Some of his younger congregants and college students have participated in protests across Oakland, though, and he fully supports them, understanding that their advocacy for Black lives is important.
Other ways Pastor Mayberry has been more active is holding weekly calls with the denominations of bishops within the church, who are actively working with civil rights and social justice groups. The church has these weekly "check-in calls" to discuss this movement happening across the country, and to come up with effective ways to lead and support during this time.
Recently, Pastor Mayberry was called to action to sign off on a letter to the city council to readjust the Oakland police budget. Despite his support along with other community members and organizations like the Anti Police-Terror Project, Oakland Mayor Libby Schaaf voted no on further cutting OPD’s budget.
Pastor Mayberry does not use the term “defund the police,” but instead likes to focus on reallocating funds from the police. He believes police are needed to protect people, but some funds should be put directly into the community for better social services.
He says he has noticed a shift in solidarity, with other religious groups reaching out and supporting.
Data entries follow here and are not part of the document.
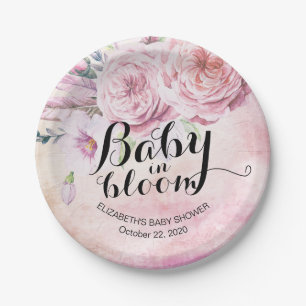 Baby Shower Baby in Bloom Boho Flowers & Feathers Paper Plate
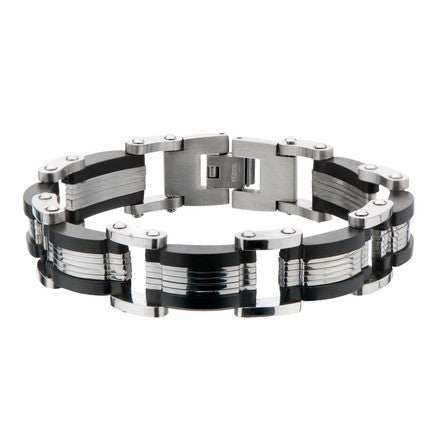 Titanium Link Bracelet w/ IP Black Edges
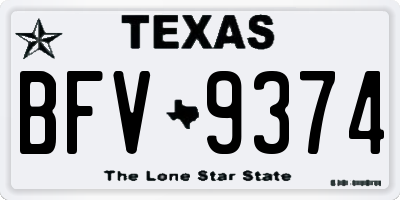 TX license plate BFV9374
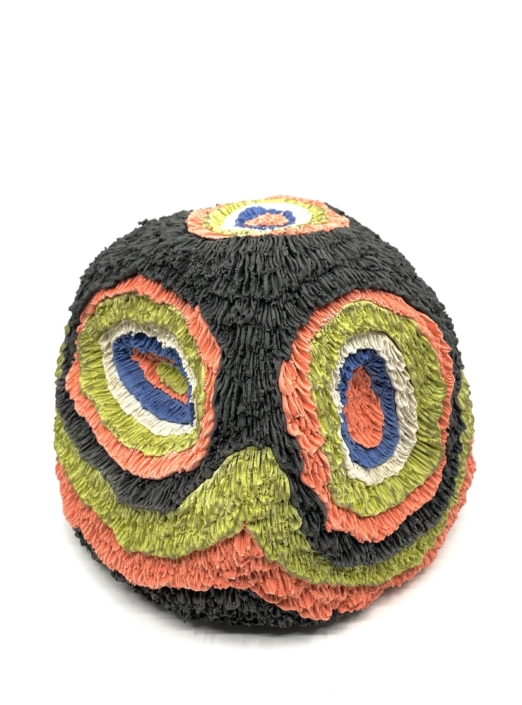 Donté Hayes, Bull’s Eye, 2025, Colored porcelain, 6.5″ x 7.5″ x 6.25″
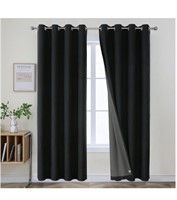 Joydeco Blackout Curtains 96 Inch Long, Black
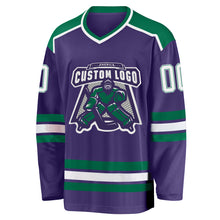 Load image into Gallery viewer, Custom Purple White-Kelly Green Hockey Jersey
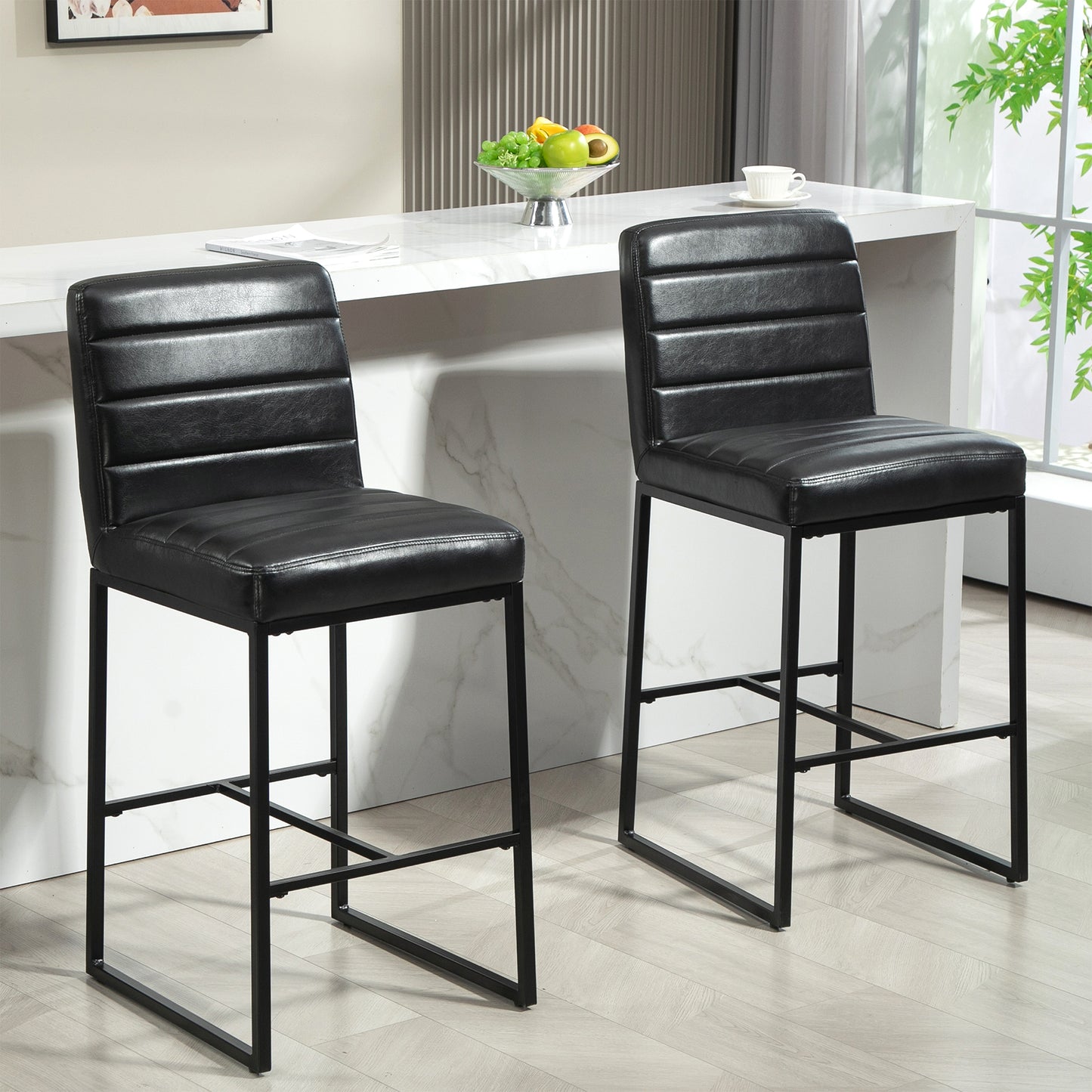 Set of 2 Belisario Black Faux Leather Bar Stool with Black Metal Legs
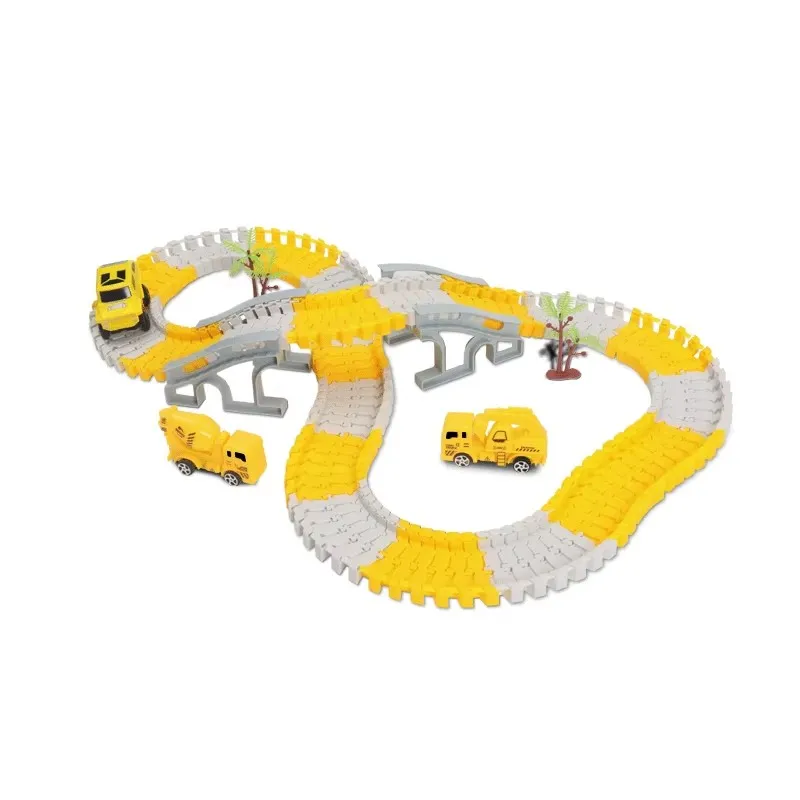 arkidz Car Race Tracks for Kids, Construction Race Tracks Toy, Engineering Road Tracks for Boys and Girls (255 Pcs Set)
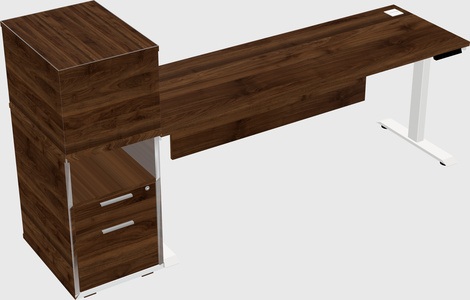Single Motor Electric Desk W/cabinet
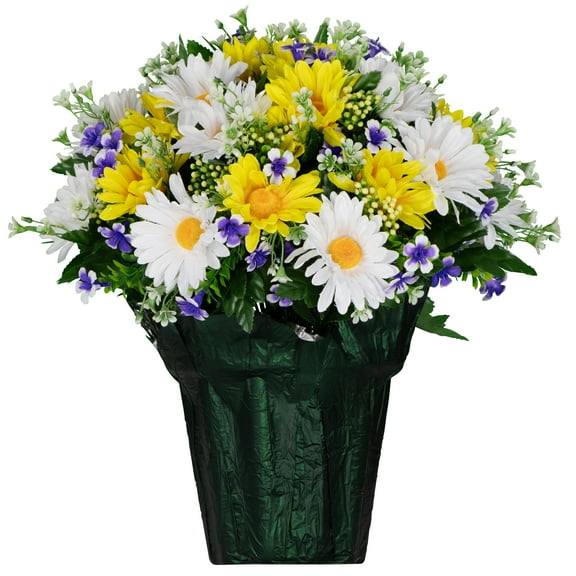 Sympathy Silks Artificial Flowers White and Yellow Daisies Weighted Flower Pot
The Synagogue of Temple Beth Abraham in Oakland connected with Pastor Mayberry and asked him to write an open letter to their congregation about George Floyd, and why what's happening right now throughout the country is so important.
“The Black church has been on the front line of change throughout this country, in the early Civil Rights movement days. It was the Black church that offered organization to the people involved in the struggle,” he said. “It's important that the church is more than just a gathering place on Sunday morning, the church has to be a voice of conscience in the community.”